- TASK INPUTS -
------------------------------------

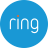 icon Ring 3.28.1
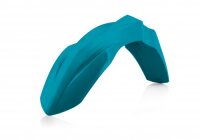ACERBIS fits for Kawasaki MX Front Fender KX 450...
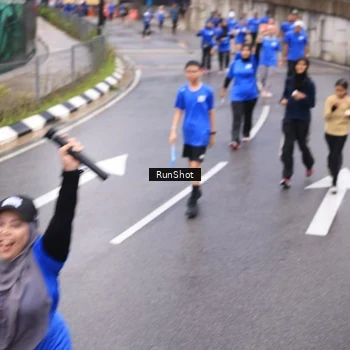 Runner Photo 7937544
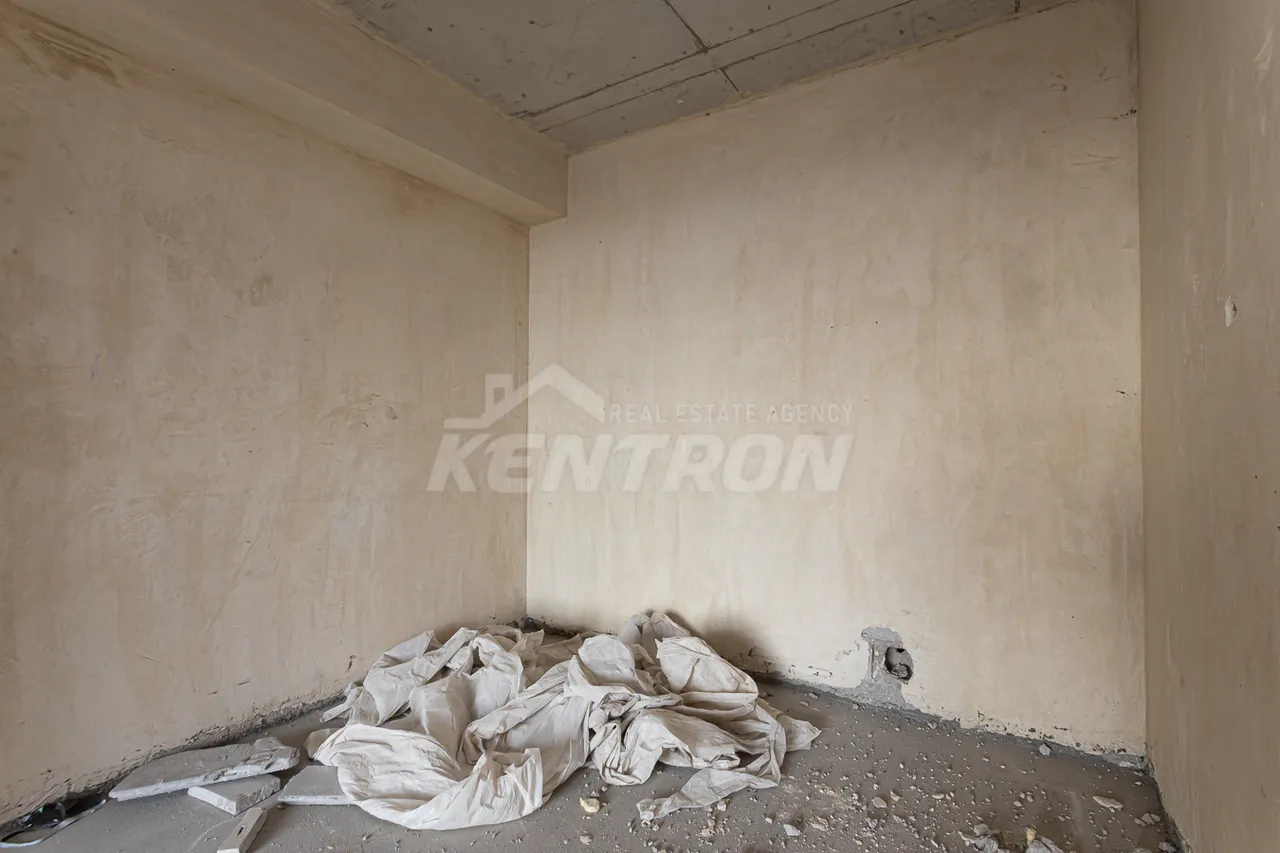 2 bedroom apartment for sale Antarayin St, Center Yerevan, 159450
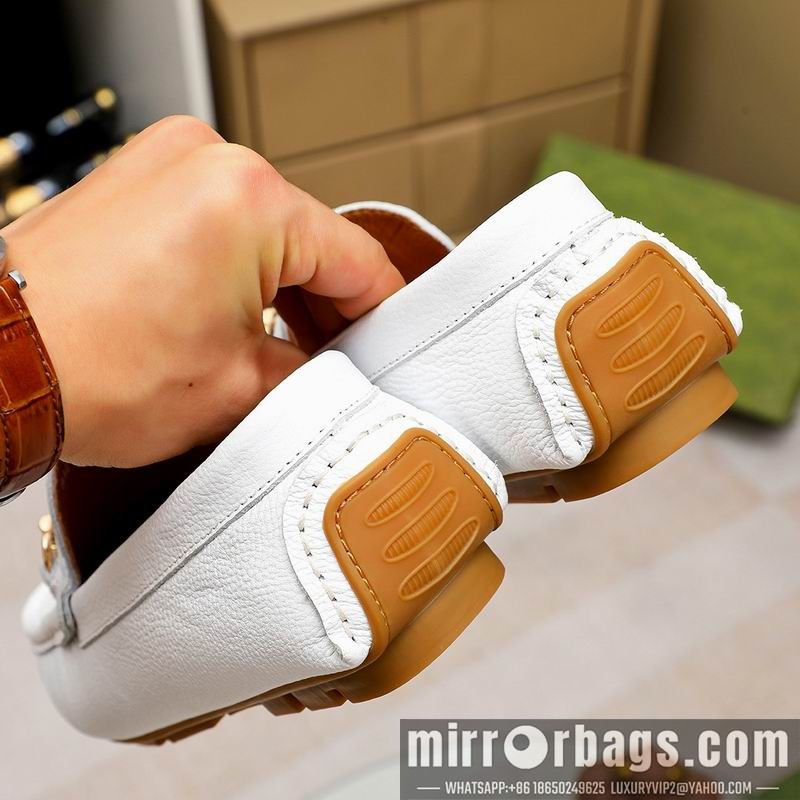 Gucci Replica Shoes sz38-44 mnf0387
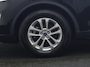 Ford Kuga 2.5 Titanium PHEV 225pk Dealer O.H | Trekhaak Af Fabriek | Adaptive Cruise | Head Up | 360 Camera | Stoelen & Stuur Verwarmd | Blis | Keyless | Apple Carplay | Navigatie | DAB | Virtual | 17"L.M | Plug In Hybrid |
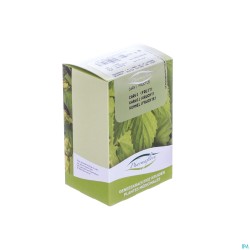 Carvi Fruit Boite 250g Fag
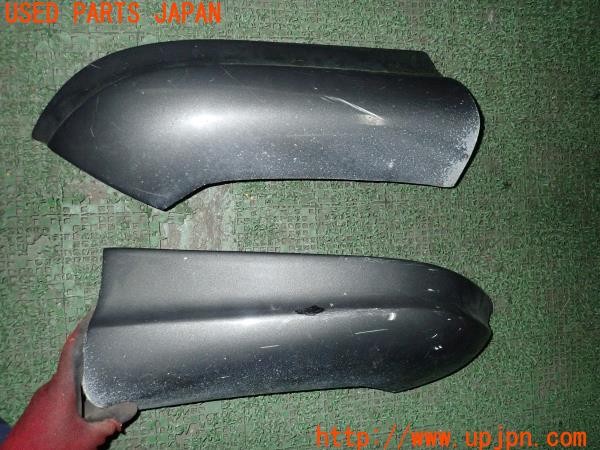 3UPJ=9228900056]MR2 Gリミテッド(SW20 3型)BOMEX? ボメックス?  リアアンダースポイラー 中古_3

------------------------------------

- WHAT IS REQUIRED -
Give again, word for word, the line containing "Runner Photo 7937544" and every line after it to the end of the records; leave out the pictures.

- COMPLETED EXERCISE -
 Runner Photo 7937544
 2 bedroom apartment for sale Antarayin St, Center Yerevan, 159450
 Gucci Replica Shoes sz38-44 mnf0387
 Ford Kuga 2.5 Titanium PHEV 225pk Dealer O.H | Trekhaak Af Fabriek | Adaptive Cruise | Head Up | 360 Camera | Stoelen & Stuur Verwarmd | Blis | Keyless | Apple Carplay | Navigatie | DAB | Virtual | 17"L.M | Plug In Hybrid |
 Carvi Fruit Boite 250g Fag
 3UPJ=9228900056]MR2 Gリミテッド(SW20 3型)BOMEX? ボメックス?  リアアンダースポイラー 中古_3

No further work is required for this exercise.